# How We Roll



## Woodwrecker (Aug 11, 2008)

Allow me to take this opportunity to apologize to all my LumberJock friends who are supporters of the teams that the MIGHTY, MIGHTY CHICAGO BEARS are going to steam roll this season on their way to a HUGE Super Bowl victory!!!

The banner hanging from my shop says it all baby!!!

The Lombardi Trophy is coming home to Chicago this year !!

Lets hear it Jocks, who is your team and why are they going to go all the way?!


----------



## jgreiner (Oct 23, 2010)

So in this foot ball you speak of, is there real bears? because that sounds interesting


----------



## Manitario (Jul 4, 2010)

sweet, I wish real bears were involved in football.
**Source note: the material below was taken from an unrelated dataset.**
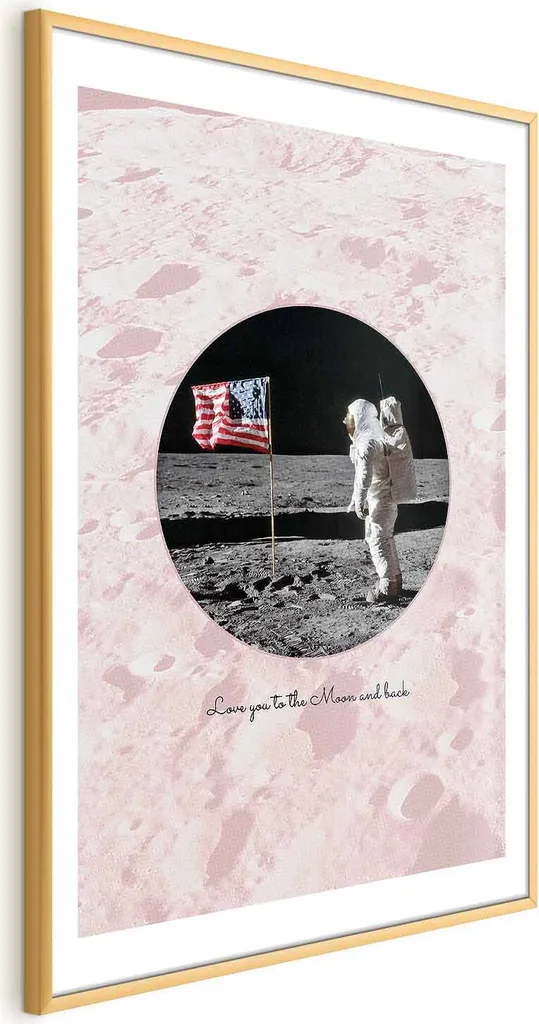 Quadro Love You 60x90 Oro - Poster con Cornice Elegante e Margine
My team is the Winnipeg Blue Bombers, oh wait that's the Canadian Football League…I don't follow the NFL.


----------



## TheDane (May 15, 2008)

Not so much … the score is still 13 to 9. The Lombardi trophy still belongs in Title Town.

Q: Why can't a Chicago Bear get into his own driveway?
A: Someone painted an end zone on it

-Gerry


----------



## schuft (Apr 6, 2011)

What would that be like, to have more wood than tools. Wow.


----------



## longgone (May 5, 2009)

Lets all bookmark this and make a note to come back in January…..


----------



## Bertha (Jan 10, 2011)

Man, you got a lot of lumber. (makes sad face and puts head down).
My fiance's from Chicago, so I'm covered there.


----------



## TheKingInYellow (Sep 25, 2008)

Ndamukong Suh is going to finish the job he started on Cutler last year, and the refs won't be able to rob Calvin of a game winning TD again.
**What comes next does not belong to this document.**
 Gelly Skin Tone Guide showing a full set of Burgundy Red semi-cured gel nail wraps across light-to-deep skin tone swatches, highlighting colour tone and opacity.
Bears in third place in the NFCN and the Lions go on to challenge for a Wildcard.


----------



## GaryC (Dec 31, 2008)

Oooooo….Gerry…..oooooo


----------



## CharlieM1958 (Nov 7, 2006)

If the Bears looked as good as your shop, they might actually still be playing in January.

Go Saints!


----------



## patron (Apr 2, 2009)

i'm with you

GO BOARDS !


----------



## chrisstef (Mar 3, 2010)

Da Bears! Love their style and history but just dont think Cutler has the "stuff" to get em to the prmise land.
Norm or Ditka? Tommy Mac or Ditka? 
KC Chiefs fan here … and heres my guarantee the Chargers dont take the AFC West.


----------



## HawkDriver (Mar 11, 2011)

My wife and her family are from Chicago, I on the other hand am a steelers fan, but love the Bears by association as well. Plus the Fridge was playing when I was growing up. I have this prediction: The bears demise for the 2012 season will rest on the shoulders of one player…. Jay Cutler. He will probobly develop some kind of magical injury he received while taking part in underwater basketweaving… or maybe a playoff game.


----------



## croessler (Jun 22, 2007)

Tell you what… we'll let you keep the bears banner as long as you give us that lumber stash!


----------



## Grumpy (Nov 9, 2007)

The Wallabies to *************** the Kiwis.


----------



## GregInMaryland (Mar 11, 2010)

+1 what Chris said. You can have the trophy if you give me the wood.


----------



## Woodwrecker (Aug 11, 2008)

You guys aren't going to believe this, but there is twice as much wood stacked behind the workbench as there is on the left side of the shop.
(There was a huge dead-space behind my bench cabinets that I filled.)
AND, I have about four times as much under wraps at my older brother's house up north.
90% of it is shipping crates and cut offs but I make do with a LOT of glue-ups.
And with my mediocre skill level, getting it all free fit the bill well.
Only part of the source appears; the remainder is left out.